◆ Work instructions
Nothing but the lines from the one containing "Jaclyn Smith Red" through the one containing "Switzerland National Football", both included, should be given again, each exactly as written below.

◆ Raw data
○ ○ ○ ○

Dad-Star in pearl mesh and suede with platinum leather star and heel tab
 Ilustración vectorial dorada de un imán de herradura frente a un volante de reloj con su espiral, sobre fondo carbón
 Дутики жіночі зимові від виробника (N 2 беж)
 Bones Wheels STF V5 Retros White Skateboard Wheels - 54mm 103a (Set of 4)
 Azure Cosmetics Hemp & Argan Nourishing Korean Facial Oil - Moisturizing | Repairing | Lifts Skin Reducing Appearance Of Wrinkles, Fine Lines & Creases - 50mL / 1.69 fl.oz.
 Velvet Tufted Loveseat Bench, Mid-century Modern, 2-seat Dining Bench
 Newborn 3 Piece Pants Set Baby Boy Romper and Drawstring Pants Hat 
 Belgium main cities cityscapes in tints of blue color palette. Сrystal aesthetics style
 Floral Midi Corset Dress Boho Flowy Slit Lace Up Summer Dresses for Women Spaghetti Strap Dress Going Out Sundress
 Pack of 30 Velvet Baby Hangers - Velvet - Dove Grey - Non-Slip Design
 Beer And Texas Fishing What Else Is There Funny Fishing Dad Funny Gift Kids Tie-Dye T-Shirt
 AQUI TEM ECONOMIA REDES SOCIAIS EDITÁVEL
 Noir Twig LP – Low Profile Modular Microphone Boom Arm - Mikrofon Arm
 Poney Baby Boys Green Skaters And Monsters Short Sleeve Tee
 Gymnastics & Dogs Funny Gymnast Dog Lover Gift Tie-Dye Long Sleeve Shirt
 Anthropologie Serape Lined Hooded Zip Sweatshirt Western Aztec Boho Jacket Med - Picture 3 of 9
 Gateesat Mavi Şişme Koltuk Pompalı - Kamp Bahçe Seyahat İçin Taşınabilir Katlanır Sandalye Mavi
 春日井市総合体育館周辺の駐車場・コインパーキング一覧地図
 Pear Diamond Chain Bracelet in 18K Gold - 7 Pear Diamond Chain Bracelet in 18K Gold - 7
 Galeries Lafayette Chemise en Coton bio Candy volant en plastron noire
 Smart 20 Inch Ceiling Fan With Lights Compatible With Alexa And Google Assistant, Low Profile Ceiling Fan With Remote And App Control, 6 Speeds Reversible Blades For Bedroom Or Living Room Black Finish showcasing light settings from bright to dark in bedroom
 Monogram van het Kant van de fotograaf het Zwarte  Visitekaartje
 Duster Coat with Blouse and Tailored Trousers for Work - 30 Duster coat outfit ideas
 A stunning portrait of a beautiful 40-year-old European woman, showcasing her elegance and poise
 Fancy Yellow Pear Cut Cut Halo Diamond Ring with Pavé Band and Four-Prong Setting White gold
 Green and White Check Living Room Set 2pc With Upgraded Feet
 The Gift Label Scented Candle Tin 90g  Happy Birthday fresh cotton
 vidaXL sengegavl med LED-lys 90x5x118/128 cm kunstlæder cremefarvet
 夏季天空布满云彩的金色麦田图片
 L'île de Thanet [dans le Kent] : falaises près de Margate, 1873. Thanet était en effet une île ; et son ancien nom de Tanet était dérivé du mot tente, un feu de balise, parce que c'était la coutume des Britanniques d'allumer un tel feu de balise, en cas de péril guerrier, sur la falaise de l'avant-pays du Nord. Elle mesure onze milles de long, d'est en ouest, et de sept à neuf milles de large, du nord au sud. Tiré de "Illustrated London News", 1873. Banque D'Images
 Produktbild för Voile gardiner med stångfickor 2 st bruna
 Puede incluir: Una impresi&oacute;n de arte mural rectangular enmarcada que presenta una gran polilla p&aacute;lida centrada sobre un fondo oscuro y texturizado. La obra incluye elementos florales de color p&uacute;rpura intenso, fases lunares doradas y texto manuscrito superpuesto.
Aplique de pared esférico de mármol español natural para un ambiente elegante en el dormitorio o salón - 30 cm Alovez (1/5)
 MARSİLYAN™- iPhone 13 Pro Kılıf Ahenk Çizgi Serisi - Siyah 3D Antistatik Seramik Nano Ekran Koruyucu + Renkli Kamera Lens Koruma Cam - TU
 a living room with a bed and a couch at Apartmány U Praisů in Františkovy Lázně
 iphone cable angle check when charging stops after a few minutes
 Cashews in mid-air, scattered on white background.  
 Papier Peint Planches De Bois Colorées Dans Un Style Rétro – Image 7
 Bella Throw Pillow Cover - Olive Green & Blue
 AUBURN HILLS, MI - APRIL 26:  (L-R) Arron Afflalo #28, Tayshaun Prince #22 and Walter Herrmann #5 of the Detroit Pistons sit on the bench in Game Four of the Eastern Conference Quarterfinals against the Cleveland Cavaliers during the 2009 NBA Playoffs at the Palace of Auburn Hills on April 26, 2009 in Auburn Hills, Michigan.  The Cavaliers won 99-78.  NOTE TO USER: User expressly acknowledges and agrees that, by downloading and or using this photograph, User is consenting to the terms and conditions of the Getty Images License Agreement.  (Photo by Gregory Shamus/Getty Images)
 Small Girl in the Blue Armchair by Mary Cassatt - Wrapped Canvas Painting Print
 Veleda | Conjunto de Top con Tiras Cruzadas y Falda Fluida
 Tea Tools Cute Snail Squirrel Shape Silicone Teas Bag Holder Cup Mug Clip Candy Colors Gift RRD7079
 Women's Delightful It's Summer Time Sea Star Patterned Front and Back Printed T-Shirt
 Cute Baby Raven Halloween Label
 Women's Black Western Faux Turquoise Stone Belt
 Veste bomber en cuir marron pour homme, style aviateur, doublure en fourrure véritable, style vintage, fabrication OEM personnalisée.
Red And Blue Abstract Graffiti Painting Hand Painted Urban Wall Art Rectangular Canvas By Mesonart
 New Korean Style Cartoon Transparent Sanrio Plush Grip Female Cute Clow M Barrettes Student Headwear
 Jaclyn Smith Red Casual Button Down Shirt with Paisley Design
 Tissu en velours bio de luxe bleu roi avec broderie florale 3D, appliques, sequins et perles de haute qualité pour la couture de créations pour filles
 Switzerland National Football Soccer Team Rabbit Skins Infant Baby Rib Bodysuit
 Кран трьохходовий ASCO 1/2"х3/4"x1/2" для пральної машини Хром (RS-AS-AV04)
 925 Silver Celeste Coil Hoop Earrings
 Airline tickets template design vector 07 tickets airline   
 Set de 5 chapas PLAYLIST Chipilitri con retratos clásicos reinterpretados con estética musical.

○ ○ ○ ○

◆ Response box
 Jaclyn Smith Red Casual Button Down Shirt with Paisley Design
 Tissu en velours bio de luxe bleu roi avec broderie florale 3D, appliques, sequins et perles de haute qualité pour la couture de créations pour filles
 Switzerland National Football Soccer Team Rabbit Skins Infant Baby Rib Bodysuit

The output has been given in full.